Türkiye, son 12 yılda önemli ve stratejik özelleştirmelere imza attı. Gerek zamanlaması, gerekse değerlemesi noktasında doğru bir yol izledi. Ve bunların birçoğunda gayet başarılı oldu. Bu konuda belki son dönemin dünyada en başarılı ülkesi oldu.
Geçtiğimiz günlerde açıklanan özelleştirme paketine bakınca, durumun biraz daha farklı ele alınması gerektiğini düşündük. Günümüz itibariyle Türkiye ekonomisinin sağlam ve güçlü bir finansal pozisyonu var. Ancak mali politikalara bağlı motivasyonu tam anlaşılamayan bazı orta vadeli plan hedeflerini bahane ederek yeni özelleştirme paketini hızlı bir takvim içinde aceleyle neticelendirme isteğini tam olarak anlayabilmiş değiliz.
Nitekim ortada ne kamu maliyesi alarm veren bir ülke ne de pakette açıklarıyla ülke ekonomisine büyük zararlar veren şirketler var.
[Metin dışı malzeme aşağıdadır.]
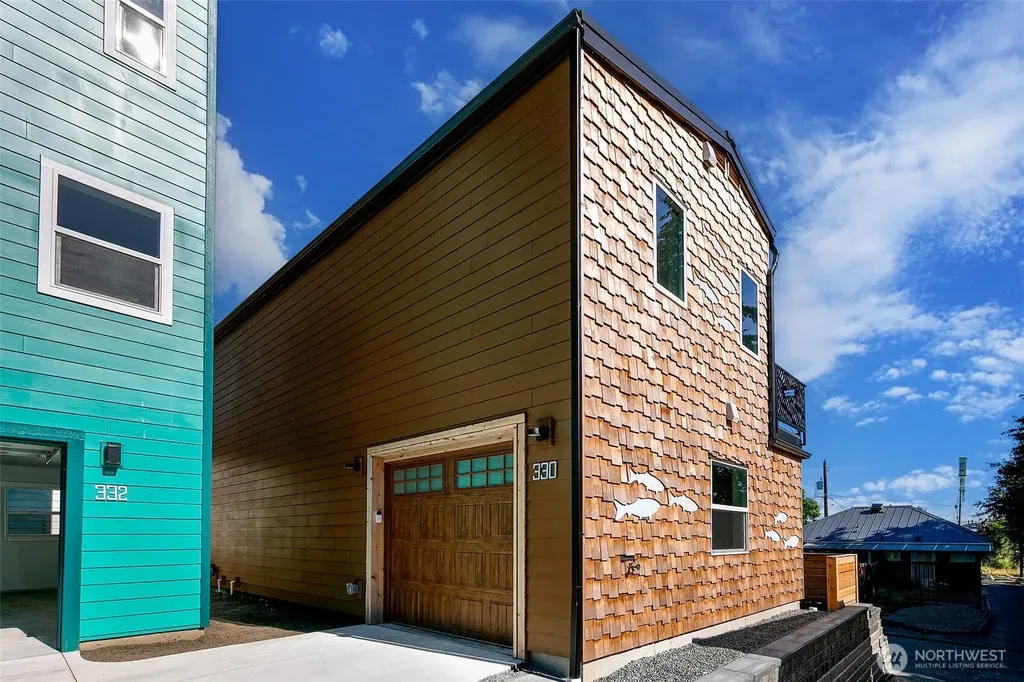330 NE Elk Place Seattle WA 98115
Tam tersine bu varlıkların çoğu ciddi gelirler elde etmektedir. Enerji, telekom, gıda (şeker), havacılık sektörlerindeki varlıklara daha derinlikli bir bakış açısıyla yaklaşmak gerekmektedir.
Ayrıca içinde bazı stratejik varlıkları da barındıran bu son paket, kesinlikle birtakım endişeleri de beraberinde doğurmaktadır. Özellikle bankacılık sektörü belki de hepsinden daha fazla önem ifade ettiğinden, dünyada ve bölge özelinde yakın dönemde yaşanması muhtemel finansal ve ekonomik krizler arefesinde endişemizi daha fazla artırmaktadır.
1994 Meksika, 2008 İzlanda ve sayısını artırabileceğimiz daha birçok örnek krizlerde yaşanan acı bir gerçek var ki, o da stratejik varlık ve sektörlerin kamu tarafından çok daha dikkatli takip edilmesi ve yönetilmesi gerektiğidir. Aksi takdirde bedelleri toplumlar tarafından çok ağır ödenmektedir.
Tabii ki eski devletçi ve statükocu bakış açısıyla özelleştirmelere bakmak doğru değil. Ancak şahsi kanaatimiz, bankacılık başta olmak üzere bazı stratejik varlıklarla ilgili daha detaylı bir çalışma ve akıl oluşturup, o çizgide hareket etmenin daha doğru olacağıdır. Yoksa ileride yaşanabilecek büyük sıkıntılara davetiye çıkarılmış olur.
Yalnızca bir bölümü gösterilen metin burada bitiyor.